Als Single-Coil kann man den Protomatic-V sehr gut mit einem typischen Strat-PU vergleichen (Fender Custom '54 strat pickup for bridge position). Lage und Ausprägung der Resonanz sind fast identisch. Das es trotzdem nicht wie Strat klingt, hat andere Ursachen.
Der "Klang" der Reihenschaltung wurde schon weiter oben beschrieben
Dreht man die Tonblende ganz zu, so ergeben sich neue Resonanzen, die speziell für die Reihenschaltung einfach als dumpf bezeichnet werden können. Benutzt man jedoch einen kleineren Kondensator für die Tonblende (3,3nF) zu ergibt sich für die Reihenschaltung dann eine Resonanz bei 1kHz, was IMHO viel brauchbarer ist!
Die Protomatik-V sind aufgrund ihres Anschlusses leider nicht in der Lage im Parallelbetrieb gefahren zu werden. Man muß sich dann die pinkfarbenden Kurven wegdenken.
Der gleiche Tonabnehmer wurde von Aria allerdings unter der Bezeichnung "Smooth Crash Humbucker" mit einem Vieraderanschluß versehen und in den Prototypes (PE-Serie) eingesetzt.
Andere Tonabnehmer für die CS-400
Macht es Sinn, ein anderes PU in der CS-400 einzusetzen?

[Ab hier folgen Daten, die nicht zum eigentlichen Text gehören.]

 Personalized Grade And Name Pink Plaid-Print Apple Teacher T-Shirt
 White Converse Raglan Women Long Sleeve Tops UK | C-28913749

Diese Frage läßt sich nur eindeutig mit ja beantworten, wenn man noch mehr "Höhen" haben möchte. Betrachtet man den SH-55, so liefert er mit 2,9kHz Resonanzfrequenz an dieser Stelle ein gutes Maß an mehr. Er klingt also deutlich brillanter, liegt aber immer noch unter dem Protomatic im Single-Coil-Modus.
Aufgrund der Konstruktion der CS-400 (Ahorn-Hals mit Esche-Korpus) kann man mit dem SH-55 der CS sicherlich noch einige "Höhen" mehr entlocken, vor allen Dingen dann, wenn er auch splitbar ist. Die alte Verhältnisse kann man mit Hilfe eines parallelen Kondensators leicht zusätzlich zur Verfügung stellen. Wie es geht, habe ich sehr genau im Guitar-Letter II beschrieben.

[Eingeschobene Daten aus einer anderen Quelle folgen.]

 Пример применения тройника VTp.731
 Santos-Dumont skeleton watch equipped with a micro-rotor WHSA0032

Ich persönlich sehe keinen Grund einen Protomatic-V zu ersetzen, da sie von Haus aus schon sehr flexibel sind.
Aufgrund des verwendeten Keramikmagneten wurde hier ein Tonabnehmer produziert, der ausreichend "Höhen" anbietet und trotzdem ausreichen Reserven hat, um einen Röhrenverstärker gut zu übersteuern. Eine solche Kombination ist mit AlNiCo viel schwerer zu erreichen.
BTW:
Hat jemand das Gefühl, die CS-400 auf Hans Aufnahme würde "harsch" klingen? Ich denke nicht. Diese Klangeigenschaft wird von Gitarristen mit "Scheuklappe" gerne Tonabnehmern mit Ceramics zugeschrieben, die deshalb AlNiCo als das alleinige Heilmittel propagieren. Das es auch anderes geht beweisen die Protimatic-V ganz deutlich!